Face the King is An Indie Band With An Arena Ready Sound

Culture

In anticipation of their first studio album, the members of Face The King find themselves at an interesting crossroads. The New York natives continue to toe the line between DIY indie and arena rock, but are becoming more polished with each EP. After the quartet's latest effort, The Sound, you can imagine that the arenas are coming soon.

Face The King has a respectable body of work that includes stints on Vans Warped Tour and a sold-out show at Manhattan's Grammercy Theater. On The Sound, they reach out for more, beginning with thumping drums and rolling bass on "You Me & the Sound." The song, which serves as the band's latest single, is buoyed by Eric Zirlinger's radio-ready vocals and an angsty, if not catchy chorus. "Can you feel the drums coming up through the ground?" Zirlinger asks. It has to be a rhetorical question: drummer Randy Palumbo dominates the record, a theme throughout the EP.

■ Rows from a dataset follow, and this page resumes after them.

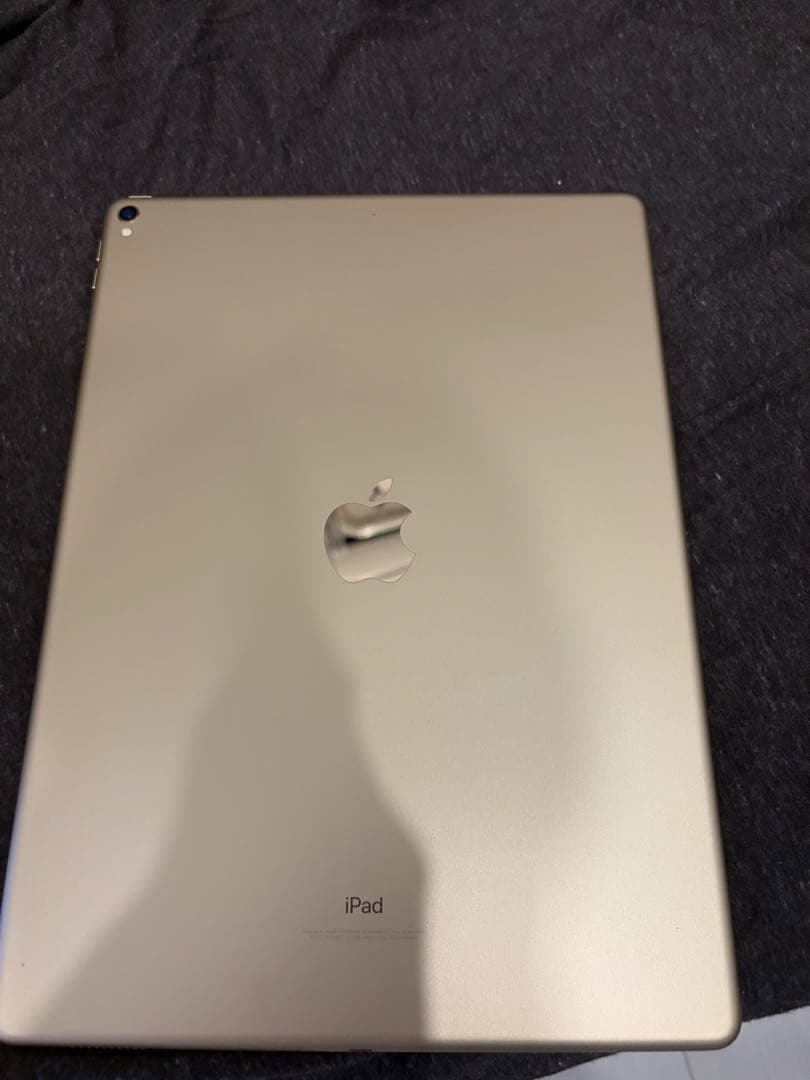 iPad 第二世代　と　Apple pencil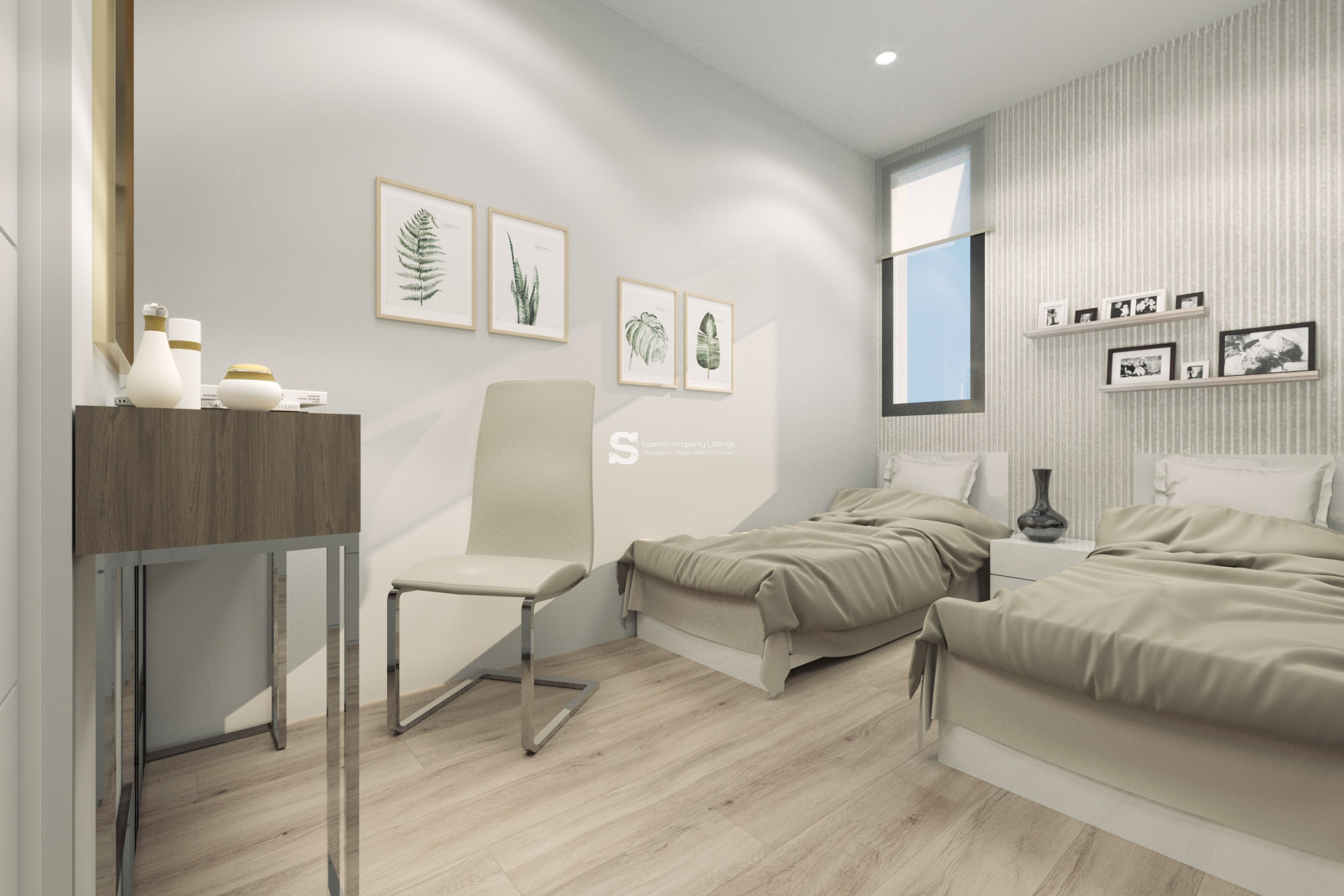 Nouvelle construction - Attique - Torrevieja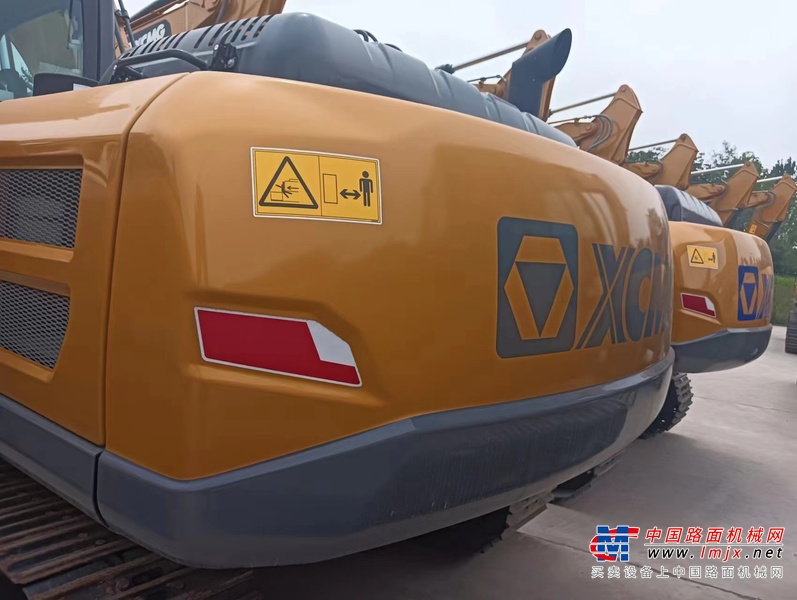 徐州市出售转让二手不详小时2022年徐工XE200DA挖掘机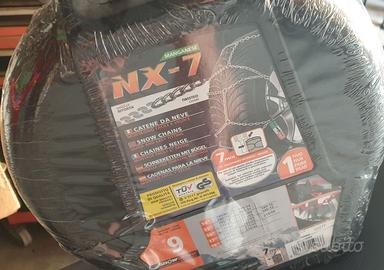 Catene auto Snowdrive NX7 gr.9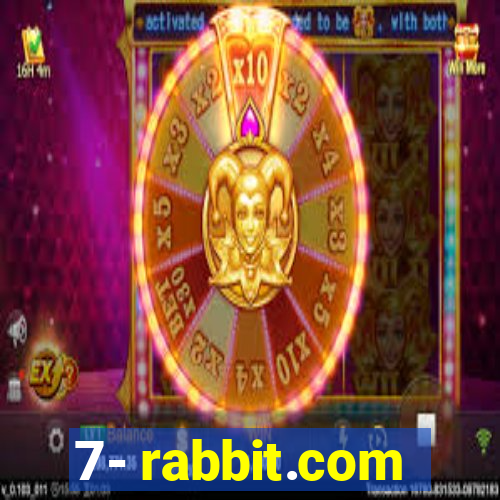 7- rabbit.com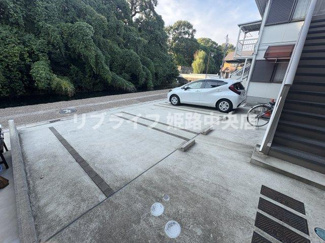 【駐車場】 | サワーメゾン五軒邸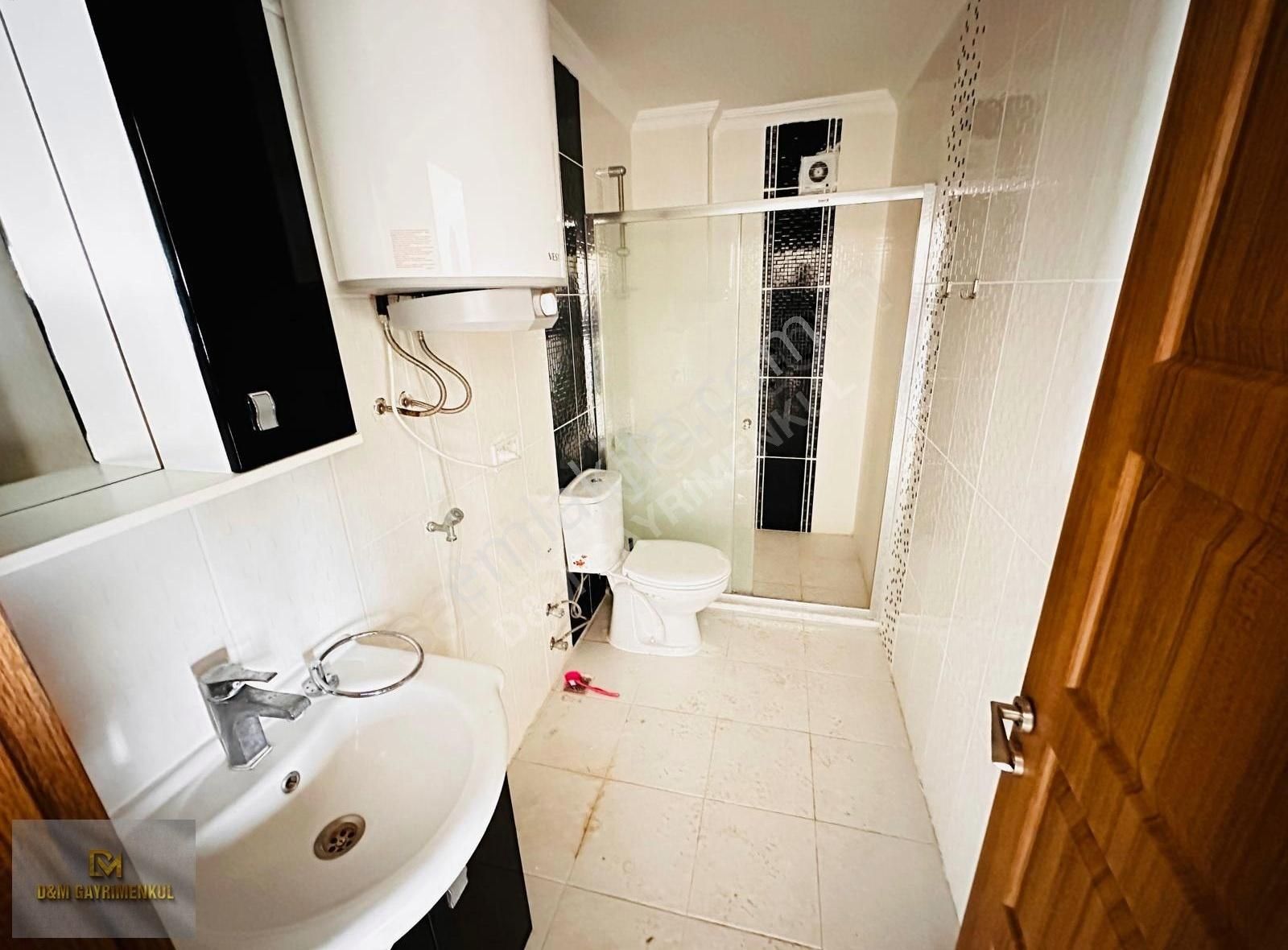 Akbükde Lebi Derya Deniz Manzarasına Sahip 1+1 Geniş Daire - Görsel 12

While "You Me & the Sound" touts pop sensibility, the subsequent "All the Pretty Things Between" stretches the band's sound beyond typical teenage romantics. "All the Pretty Things Between" suffers from a distracting vocal reverb, but compensates with U2-style guitar and more big vocals from Zirlinger on the hook. It's ultimately the EP's most aesthetically and sonically pleasing cut, making "All the Pretty Things Between" aptly named.

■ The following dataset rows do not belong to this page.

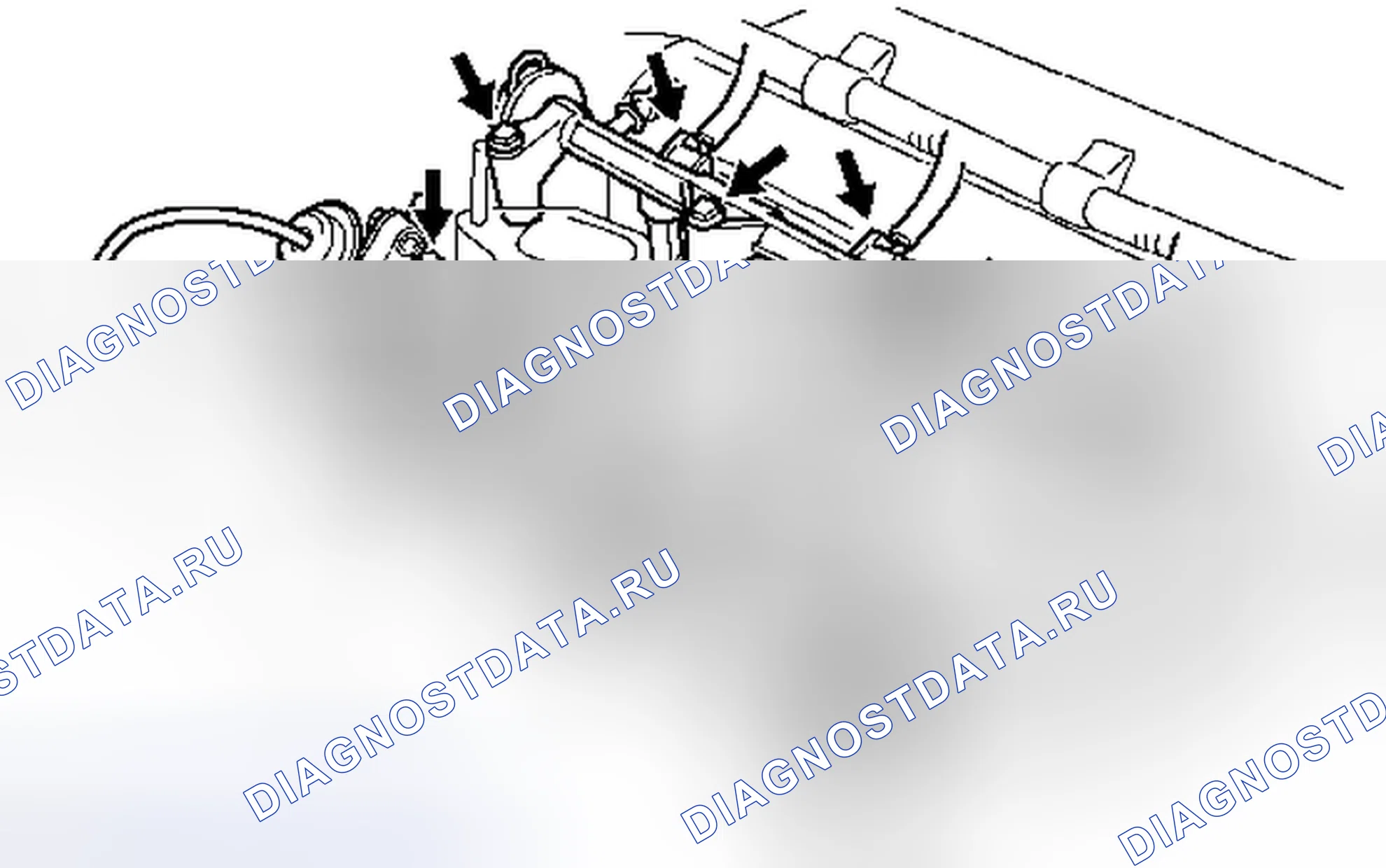 Рис. 40. Toyota Tacoma II рестайлинг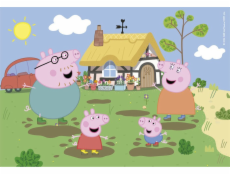 Clementoni - Puzzle 30 Prasátko Peppa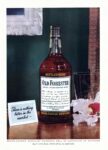 1943 Old Forester. There is nothing better in the market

Crashing percussion and soft guitar riffs power "The Stage," an accurate reflection of where Face The King stands at the moment. "Well I just wanna be on the stage when the lights go down," Zirlinger belts. The lyrics are a little skimpy, but the band commands attention with another huge hook.

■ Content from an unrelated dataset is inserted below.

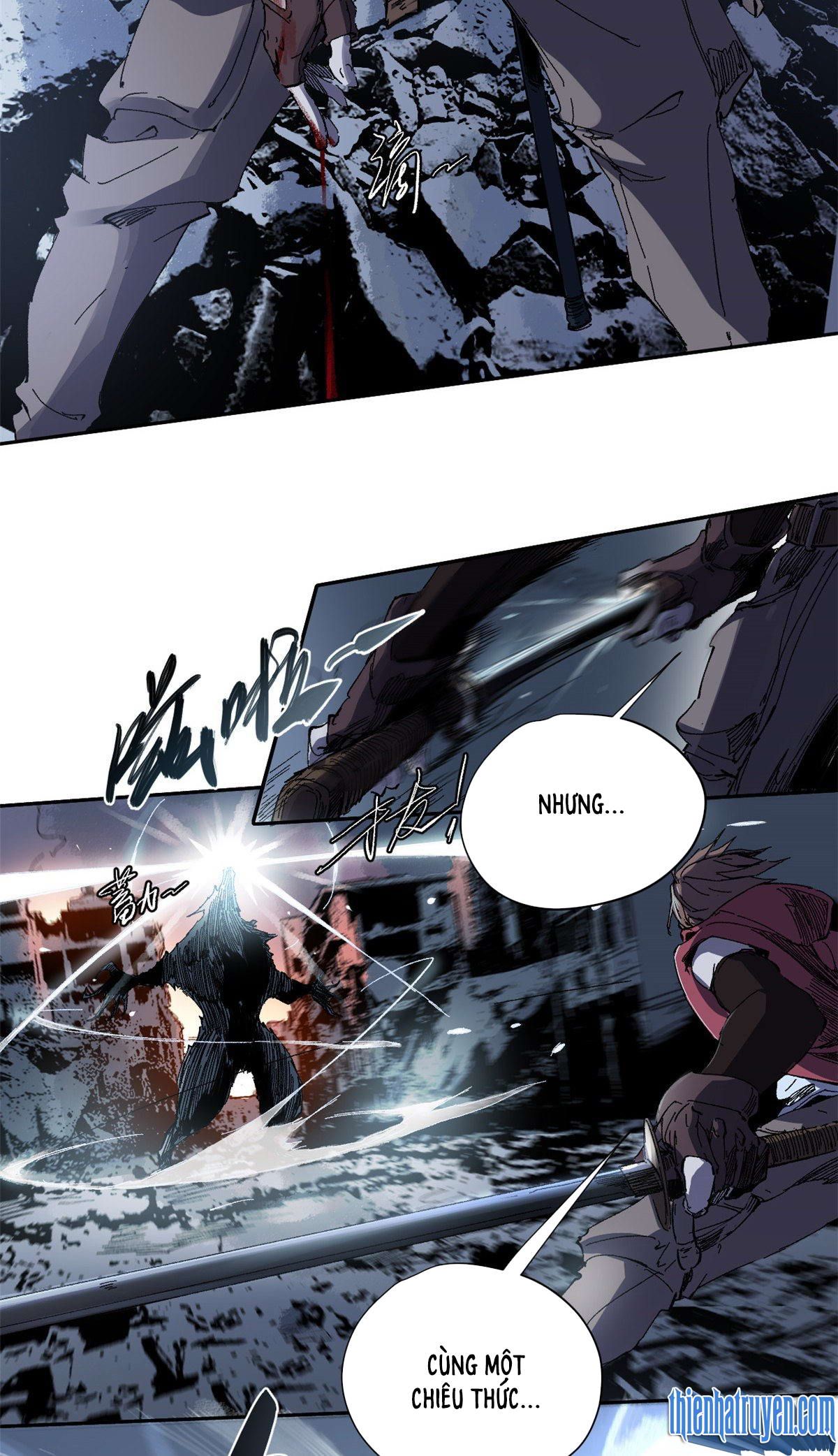 Vĩnh Hằng Quốc Độ Chapter 2 - 23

The EP concludes with "The Science Apart," the EP's most consistent song. Zirlinger's pipes are perfect for the song's rising and falling tempos, and while lyrics run repetitive again, the cohesiveness of the guitar, bass, and drums makes for another successful track.

Face The King benefits from talented musicianship, something that's lost far too often in up-and-coming indie acts. Zirlinger has the voice to carry the band to its arena aspirations, but the songwriting is what keeps it grounded with uninspired Warped Tour company. Still, the good well outweighs the bad, and as Face The King faces its first full-length, all it has to do is keep churning out The Sound that has it buzzing in the first place.